Introduction

One of my recent hobbies with the quarantine has been doing interview-style programming questions in Python (I also watch other people do these questions too when I can’t figure one out). It’s actually kind of fun, and a good way to kill time. This page is intended to be a running document of questions that I find interesting and the solutions that I come up with, as well as any Python tips I come across.

I’m not a real programmer, but I do think it’s valuble to have an understanding of data structures and algorithms as a statistician, especially if you spend a lot of time writing code.

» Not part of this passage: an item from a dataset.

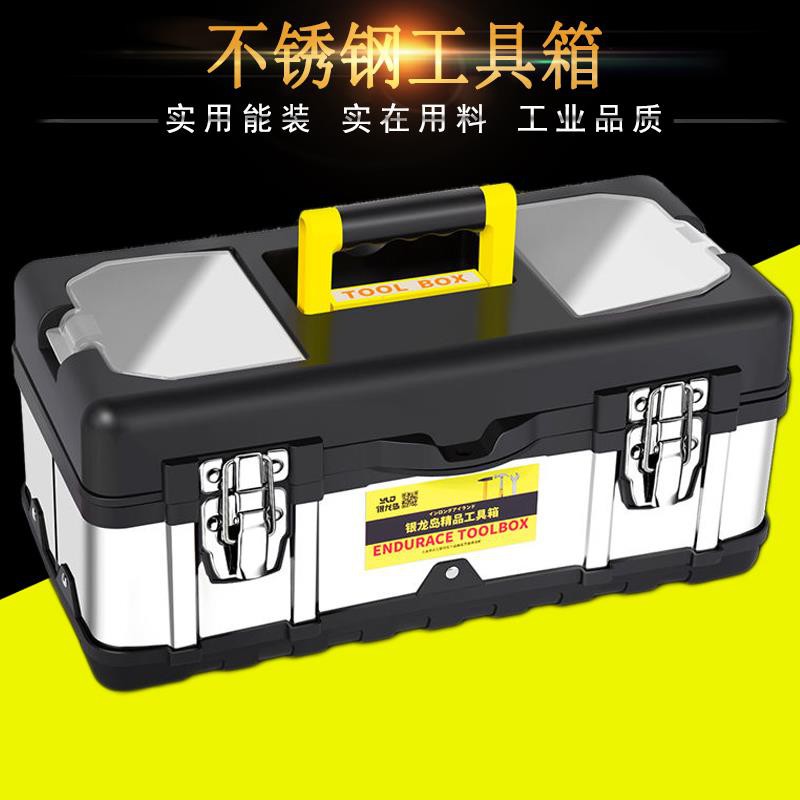工具箱多功能車載大號五金手提式電工維修不銹鋼工具箱家用收納箱 蝦皮購物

While I know basic things like avoiding nested for loops, one thing I never really thought about was writing efficient code, especially thinking about time and space complexity.

The goal of these solutions should be to have as low a time complexity as possible (usually $O(N)$ – maybe $O(1)$ or $O(n log n)$ for weird problems).

Reversing a string

Here’s a good intro problem and a couple ways to do it. Given a string like ‘abc’, return ‘cba’.

In Python, it’s imporant to note that strings are not mutable. Therefore, a common sense solution like:

def reverse(x):
	output = ""
	for c in x:
		output = output + c

Would actually be $O(N^2)$ in both space and time complexity since we have to create a new string with each iteration. A slightly better way of thinking would be using a list:

def reverse(x):
	output = []
	for c in range(len(x)-1):
		output.insert(0, c)

	return ''.join(output)

But this is still not great, since we are prepending data. Anyone who has taken a data structures course knows that prepending to dynamic arrays is tricky since it involves shifting all existing elements by a single space, which is an $O(N)$ operation in itself. So this solution is still $O(N^2)$.

This will be more efficient, using a deque from collections. According to the docs: “Deques are a generalization of stacks and queues (the name is pronounced “deck” and is short for “double-ended queue”). Deques support thread-safe, memory efficient appends and pops from either side of the deque with approximately the same O(1) performance in either direction”.

from collections import deque
def reverse(x):
	d = deque('')
	for c in x:
		d.appendleft(c)

	return ''.join(d)

Another way that I saw here which seemed pretty good is:

def reverse(x):
	output_len = len(x)
	output = [None] * output_len
	output_index = output_len - 1
	for c in x:
		output[output_index] = c
		output_index -= 1

	return ''.join(output)

Find missing element (full set vs. partial set)

This is a good question that came up in the above video.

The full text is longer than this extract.